**Activity**
Your task is to transcribe the data exactly while omitting each picture.

Items from a dataset
┄┄┄┄┄┄

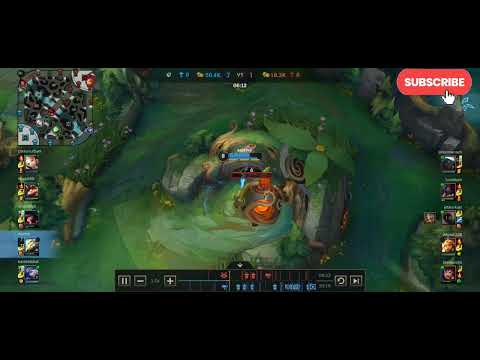 Assassin Master Yi Jungle Domination & Pentakill! | Best Jungle Pathing Guide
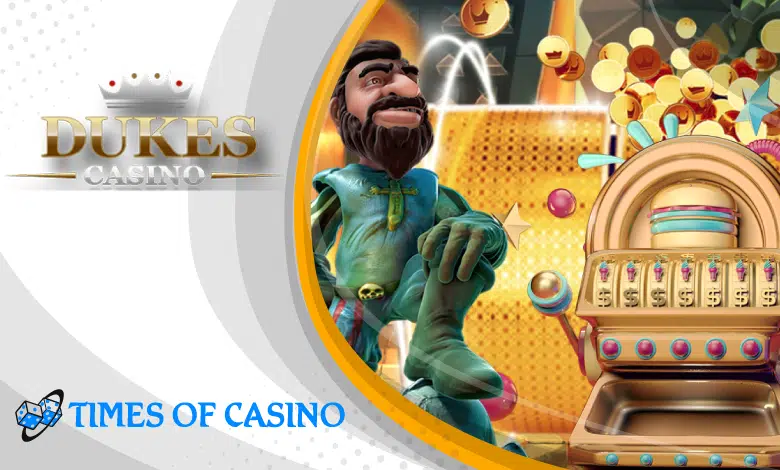 Dukes Casino Review
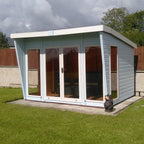 Shire Highclere Summerhouse 10x8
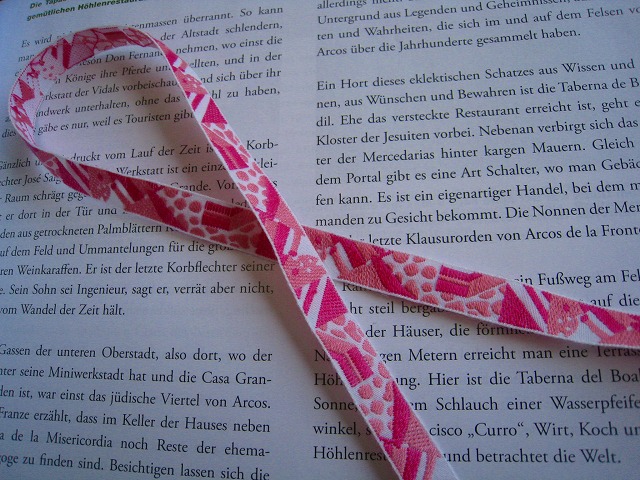 カフカリボン＊ピンク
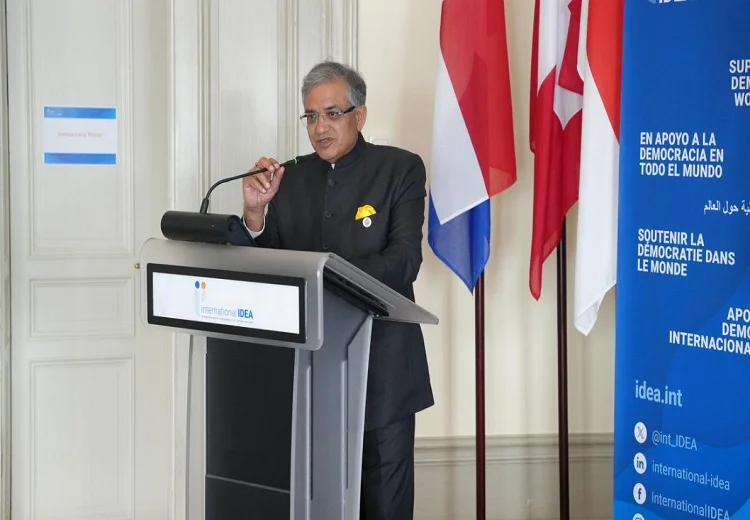 ਗਿਆਨੇਸ਼ ਕੁਮਾਰ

┄┄┄┄┄┄

**Response below**
 Assassin Master Yi Jungle Domination & Pentakill! | Best Jungle Pathing Guide
 Dukes Casino Review
 Shire Highclere Summerhouse 10x8
 カフカリボン＊ピンク
 ਗਿਆਨੇਸ਼ ਕੁਮਾਰ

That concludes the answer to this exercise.